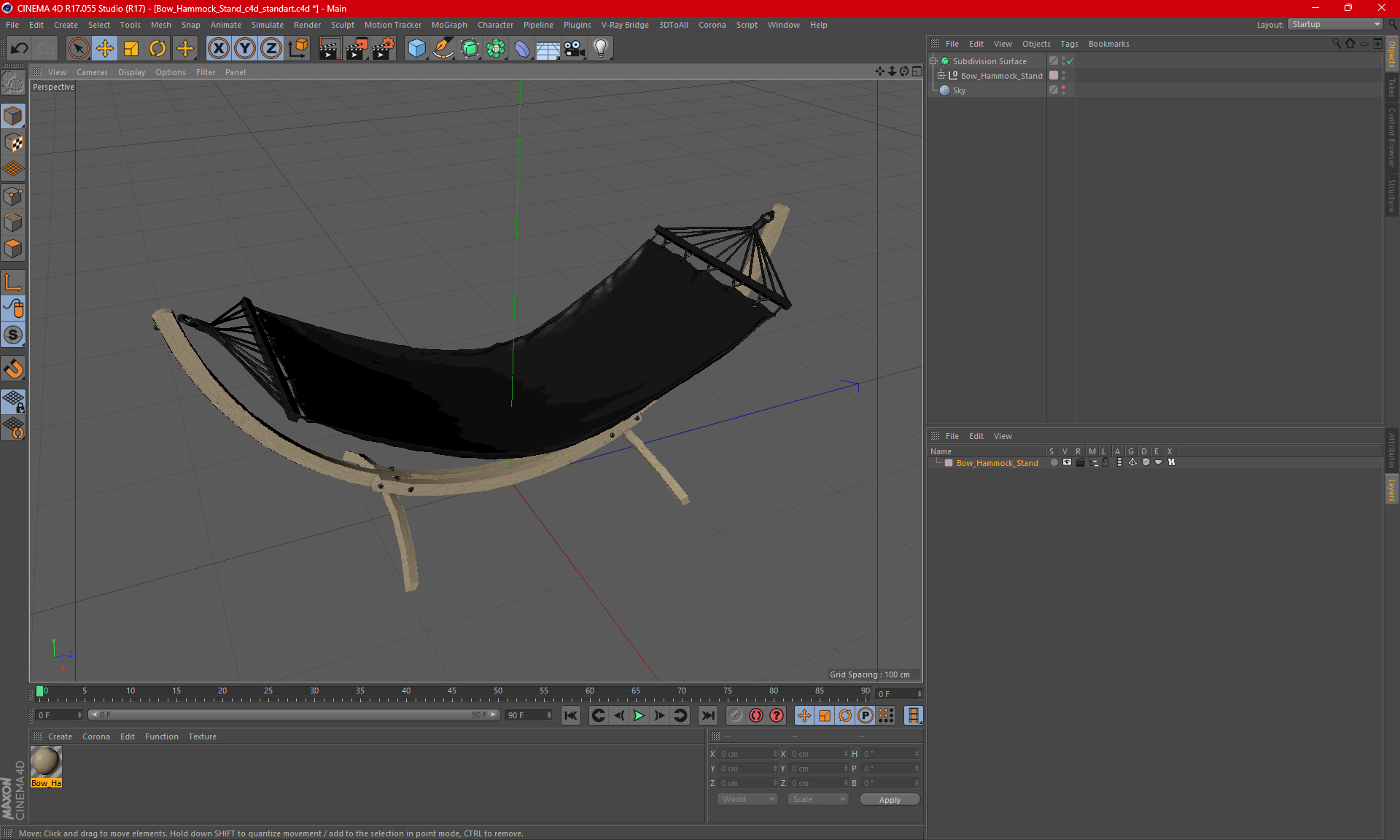 Bow Hammock Stand 3D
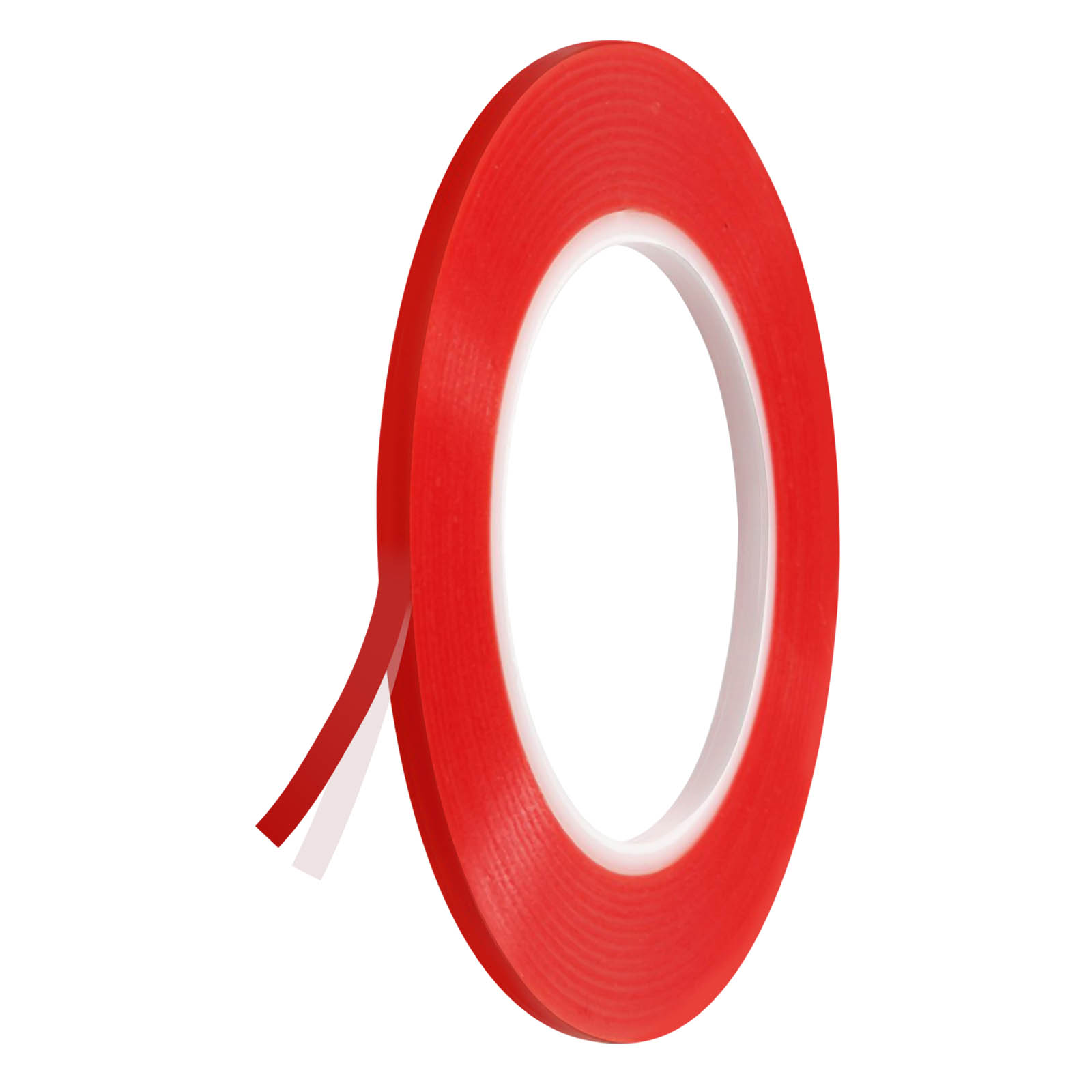 Nastro rosso biadesivo su sfondo bianco.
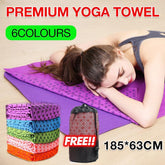 Non Slip Yoga Towel Mat Microfiber Fitness Gym Exercise Blanket with Carry Bag - Green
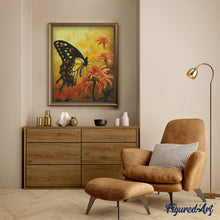 Afbeelding in Gallery-weergave laden, Diamond Painting - Zwaluwstaart en Oranje Bloemen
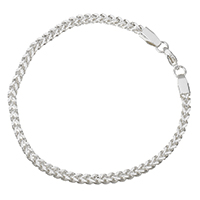 Stainless Steel Jewelry Bracelet, thick 925 sterling silver plated, Unisex & curb chain, 3x3mm, Length:Approx 8 Inch, 10Strands/Bag, Sold By Bag
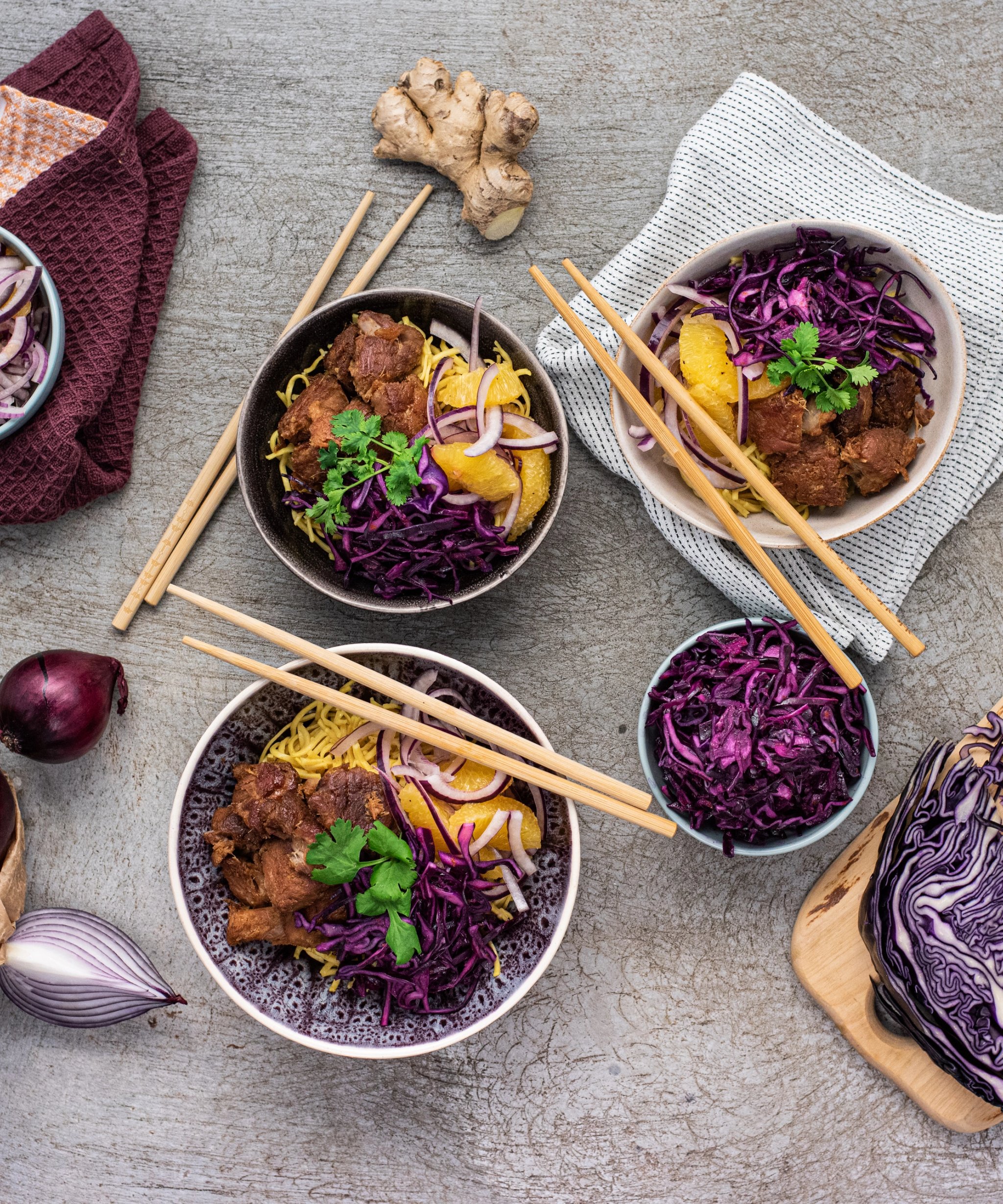 Pulled Pork Bowl with Noodles and Refreshing Orange Salad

__Work request__
Your copy should consist only of the lines from the one containing "Stainless Steel Jewelry" through the last line of the entries above, reproduced exactly, without pictures.

__Solution__
 Stainless Steel Jewelry Bracelet, thick 925 sterling silver plated, Unisex & curb chain, 3x3mm, Length:Approx 8 Inch, 10Strands/Bag, Sold By Bag
 Pulled Pork Bowl with Noodles and Refreshing Orange Salad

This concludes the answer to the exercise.